### Dataset ###
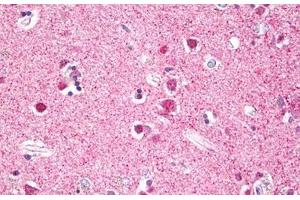 Immunohistochemistry (IHC) image for anti-Ribosomal Protein S6 Kinase, 90kDa, Polypeptide 5 (RPS6KA5) (AA 551-600) antibody (ABIN2879102)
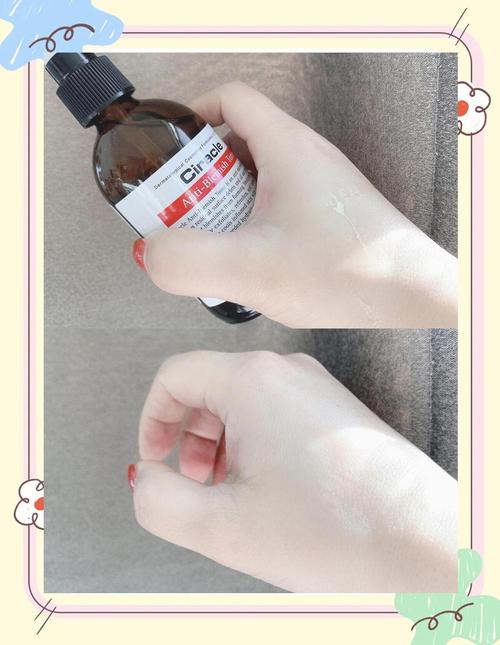 祛痘水和爽肤水，先擦哪个？-图2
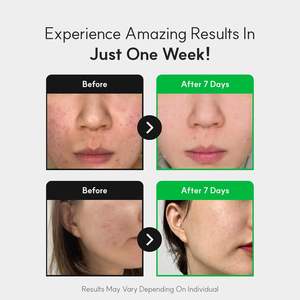 ครีมบำรุงผิวหน้าสูตรเซนเทลล่า กลีเซอรีน นิวแอลทูวีเอส 50 มล. ช่วยฟื้นฟูเกราะป้องกันผิว ลดรอยสิว บำรุงผิวขาวใส ให้ความชุ่มชื้นทุกวัน - Product Image 3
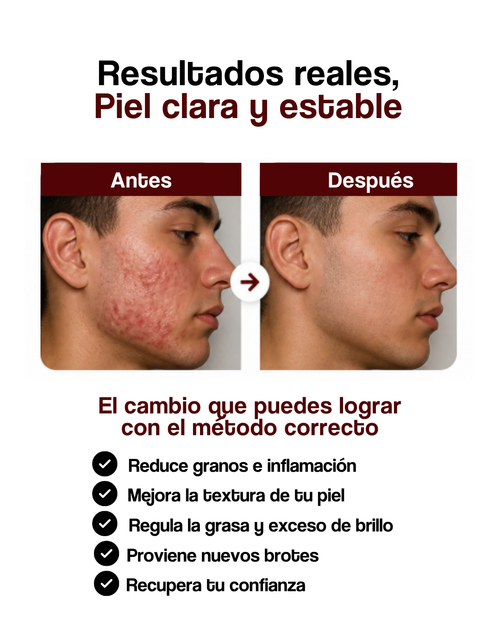 Guía de Implementación Reset del Acné™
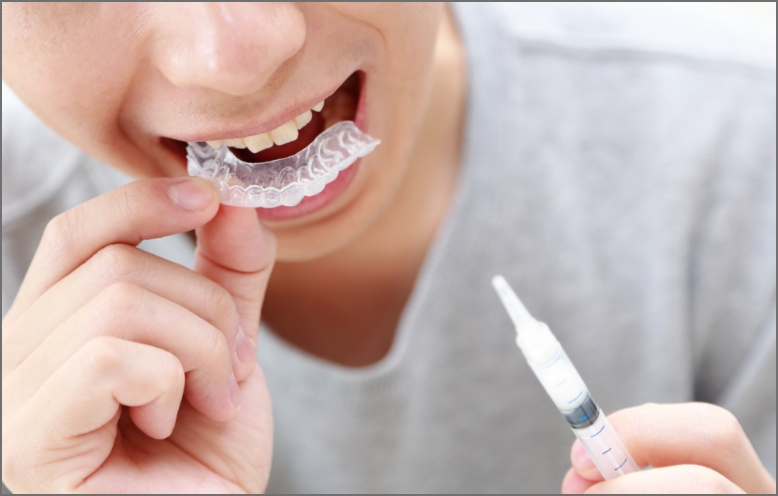 憧れの白い歯にできるホワイトニングをご存じですか？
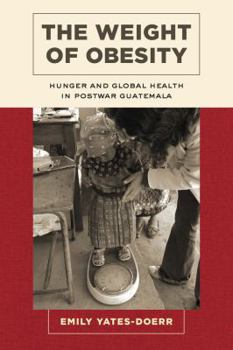 Paperback The Weight of Obesity: Hunger and Global Health in Postwar Guatemala Volume 57 Book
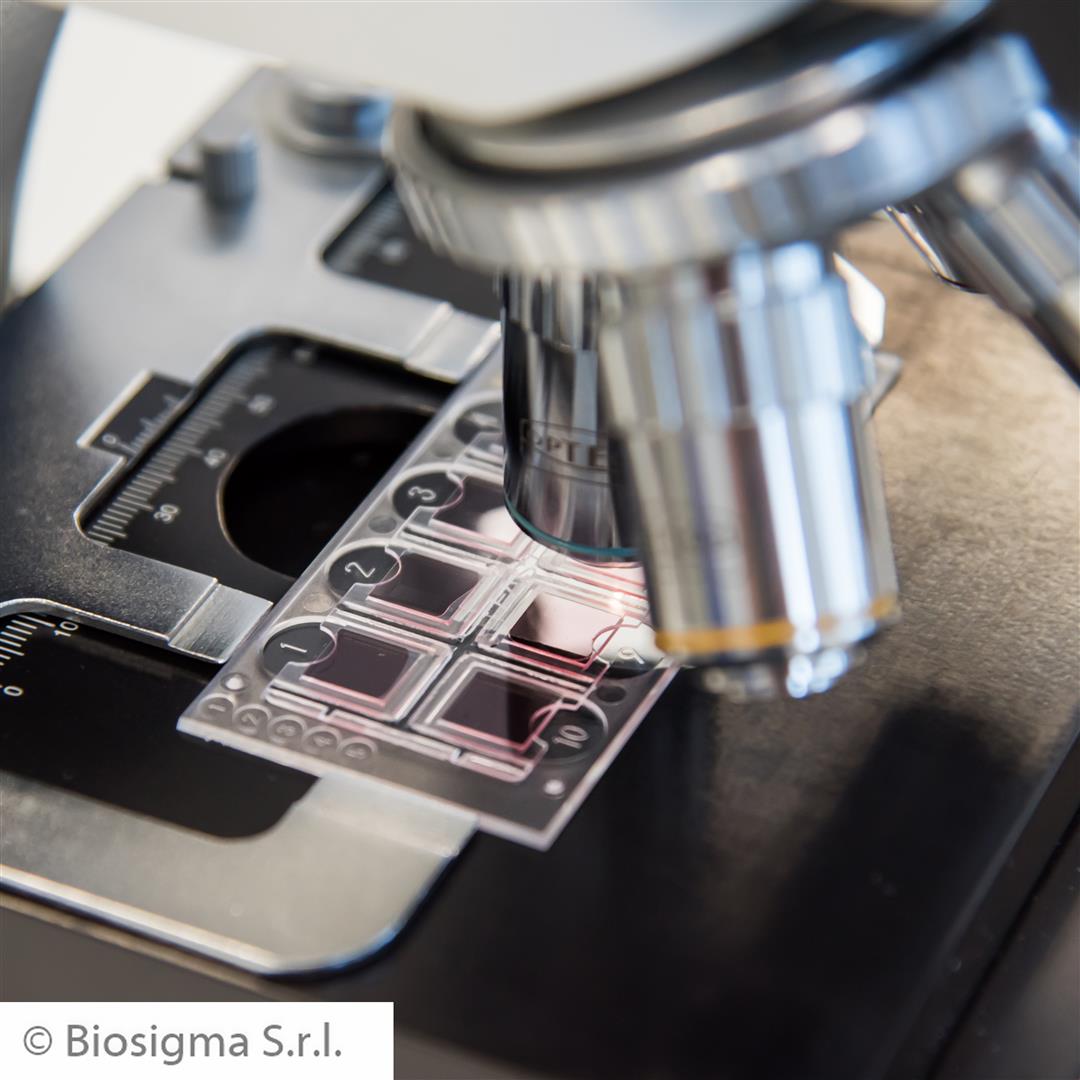 Biosigma Fast-Read 102 BVS100 kit urine 1000 determinazioni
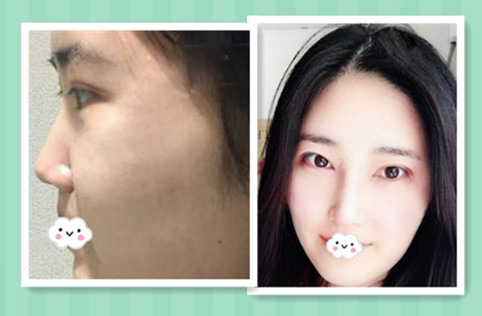 台湾嘉仕美的李进良医生好不好?个人主页和案例展示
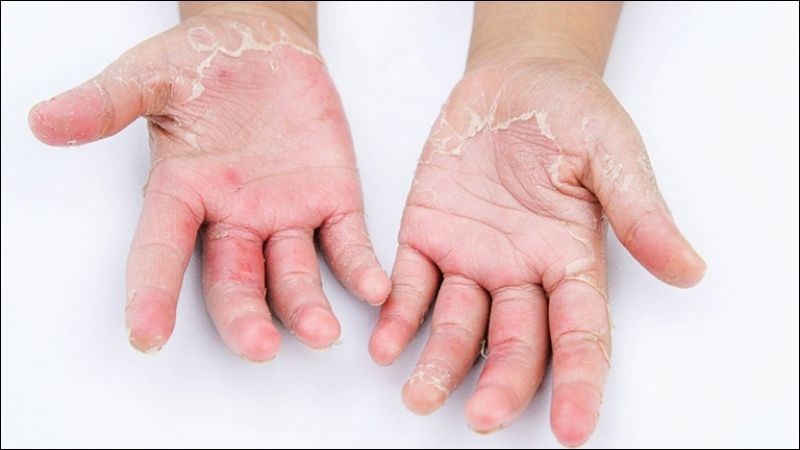 Bệnh á sừng là bệnh viêm da cơ địa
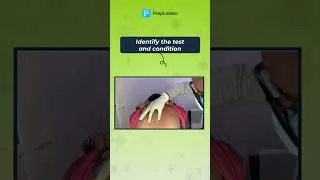 Thumbnail: 70% Doctors fail to Guess the Diagnosis #doctor #medicalchallenge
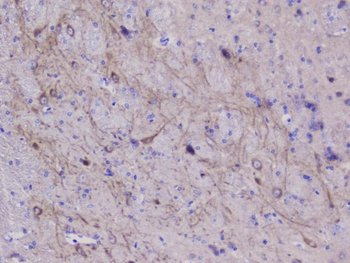 Anti-NSE/ENO2 Antibody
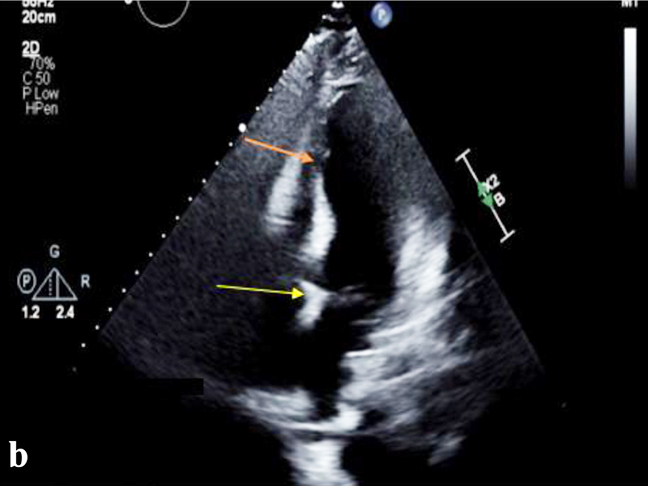 gastroenterology research and practice journal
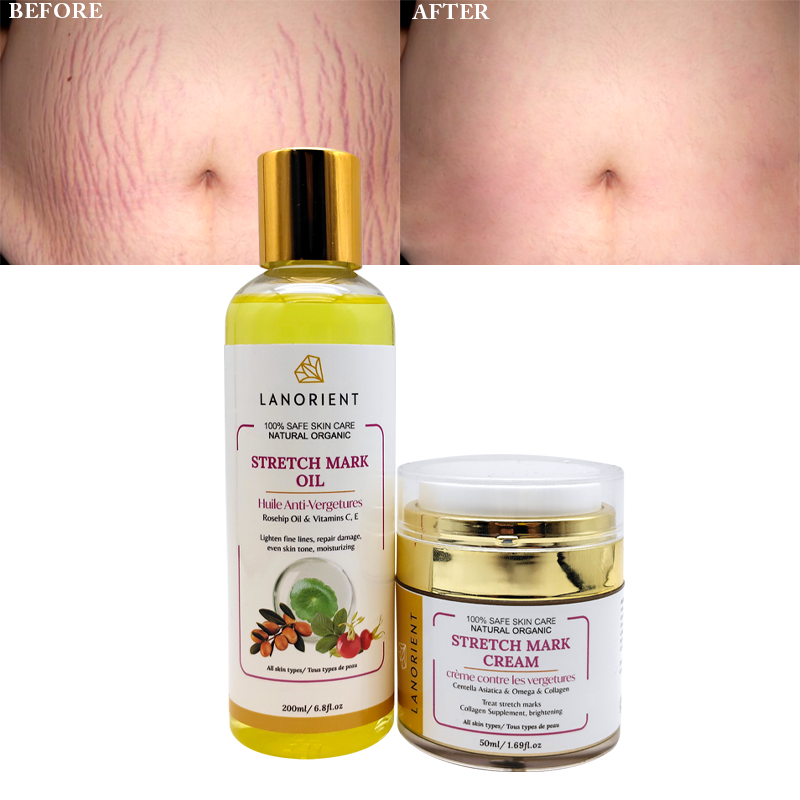 Private Label 100% Natural Organic Body Massage Oil Stretch Mark Removal Skin Repair Stretch Mark Cream for Women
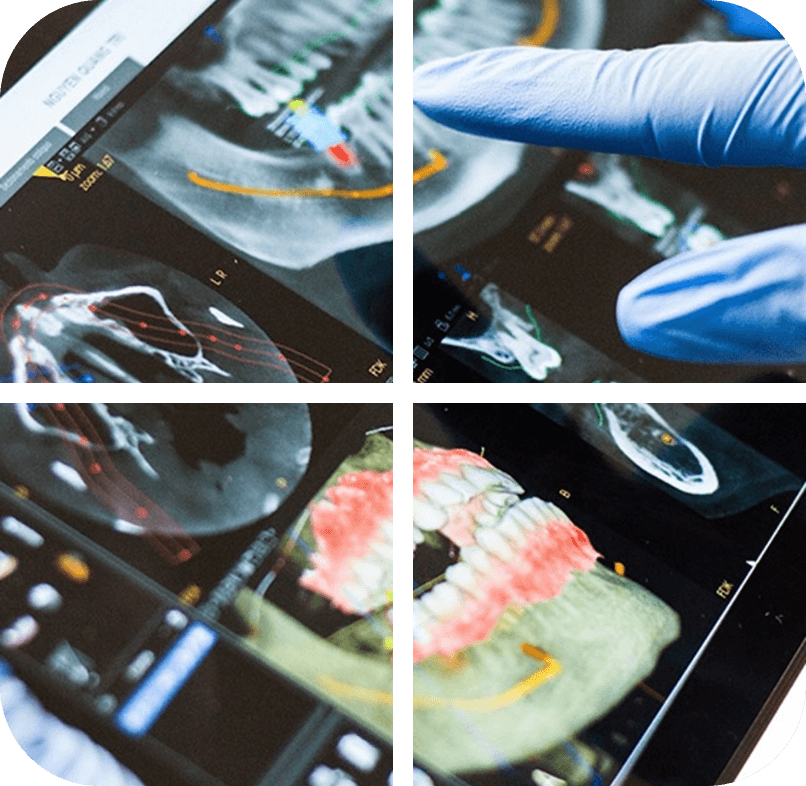 Dental technology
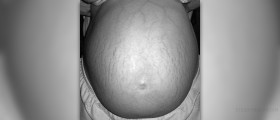 Stretch marks: prevention and treatment during pregnancy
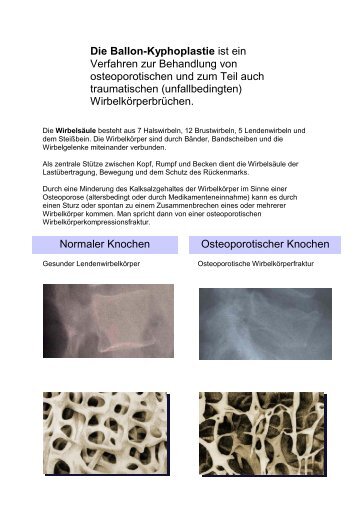 Kyphoplastie - Klinikum Friedrichshafen GmbH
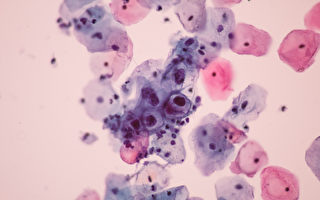 最常見性傳播病毒HPV 如何會引發癌症？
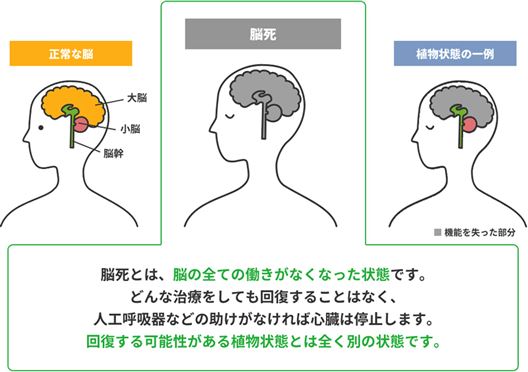 脳死とは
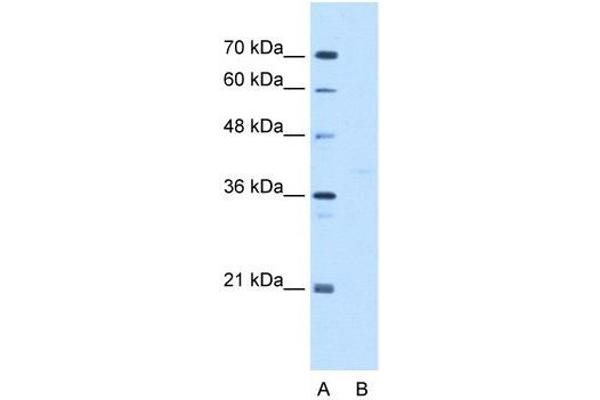 GMPPB anticorps  (C-Term)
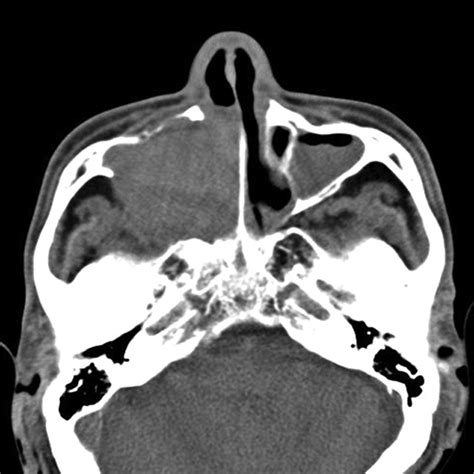 Organized Hematoma of the Maxillary Sinus: CT Findings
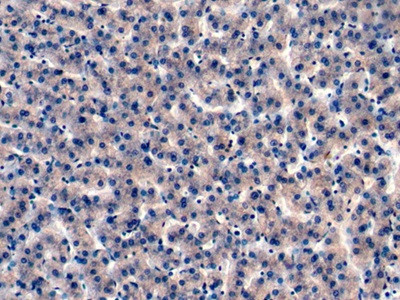 IGFBP4 Antibody in Immunohistochemistry (Paraffin) (IHC (P))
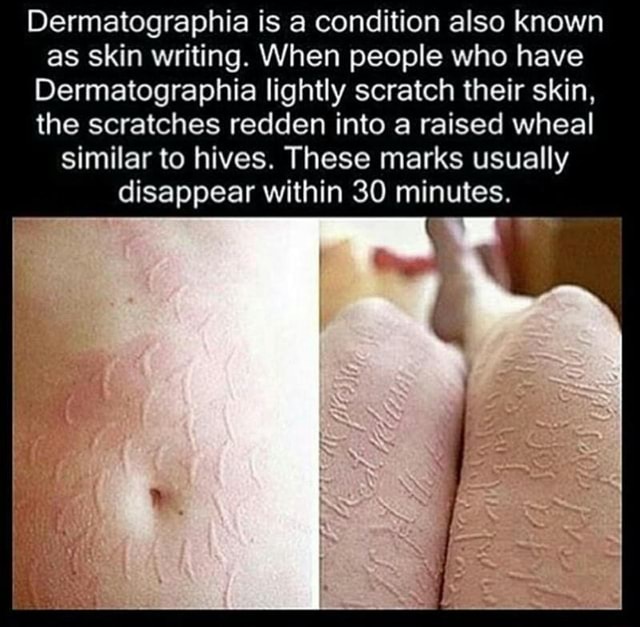 Dermatographia Is A Condition Also Known As Skin Writing When People Who Have Dermatographia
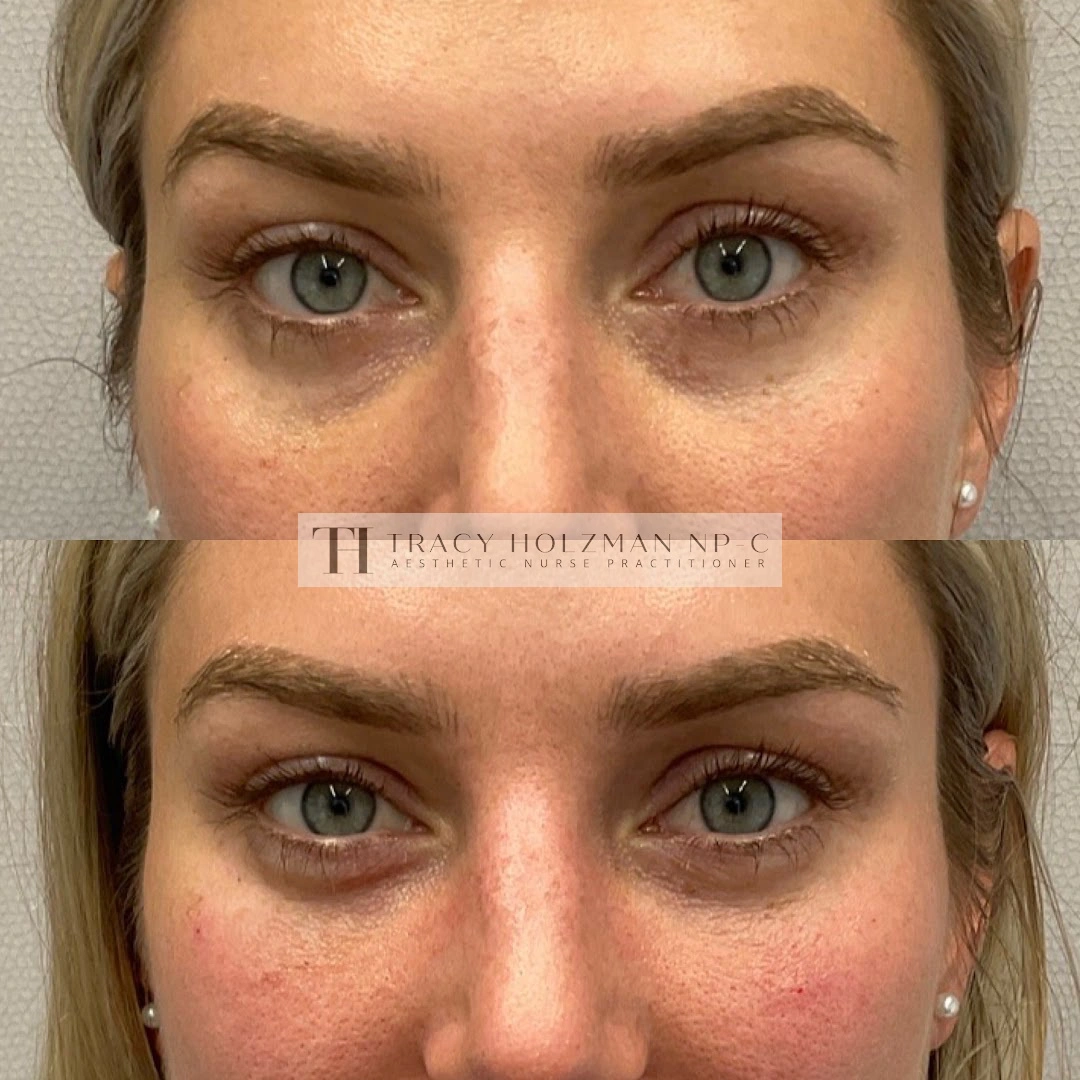 Under Eye Treatment Before & After Result | Ritual in Washington, DC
###
▸ Exercise directions
Your task is to restate word for word the lines from the one containing "Organized Hematoma of" through the last line of the data, both ends included, with no pictures.

▸ Answer space
 Organized Hematoma of the Maxillary Sinus: CT Findings
 IGFBP4 Antibody in Immunohistochemistry (Paraffin) (IHC (P))
 Dermatographia Is A Condition Also Known As Skin Writing When People Who Have Dermatographia
 Under Eye Treatment Before & After Result | Ritual in Washington, DC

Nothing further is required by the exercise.